Chess: it’s the game of kings. For millennia it has preoccupied some of the greatest minds, taught discipline and focus, and even inspire great art. There is no-one more knowledgable about the history of chess than Rick Knowlton. Rick is the proprietor of AncientChess.com and perhaps the world’s leading expert on the long and complicated lineage that underpins the game. Its history is, so to speak, far from black and white.
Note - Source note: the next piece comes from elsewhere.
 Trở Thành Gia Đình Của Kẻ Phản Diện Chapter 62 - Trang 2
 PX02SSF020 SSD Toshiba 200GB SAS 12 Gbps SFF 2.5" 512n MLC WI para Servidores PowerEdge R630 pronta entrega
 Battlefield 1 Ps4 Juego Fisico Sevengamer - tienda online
He discusses the various variant games that have sprung up over the ages — including courier chess, made famous by a well-known Old Master painting — as well as a set that Leonardo da Vinci may have had a hand in designing. In short, Knowlton says, the modern game can be better understood by understanding its forebears. This is hard to argue with: the great Russian champion Mikhail Botvinnik once observed that chess is the art of analysis. The habits of the immortal players suggest that it is, though of course their games all had room for brilliance and innovation.
Knowlton is not merely a master of chess history and a skilled player himself. He is a craftsman; he reconstructs and builds sets going back hundreds of years. This too is another means to appreciate the game — the players may change but the pieces and the rules governing them do not (or if they do, it is with far less frequency). So don’t wait. Summer is waning, its lazy days of leisure are drawing to a close. Chess is as good a way to stay cool as any: more active then reading and less active than, say, training for a marathon. So pick up a beginner’s board (ore one of Rick’s speciality sets) and a copy of Capablanca, pour yourself a cold beverage of your choosing, and start pondering opening theory.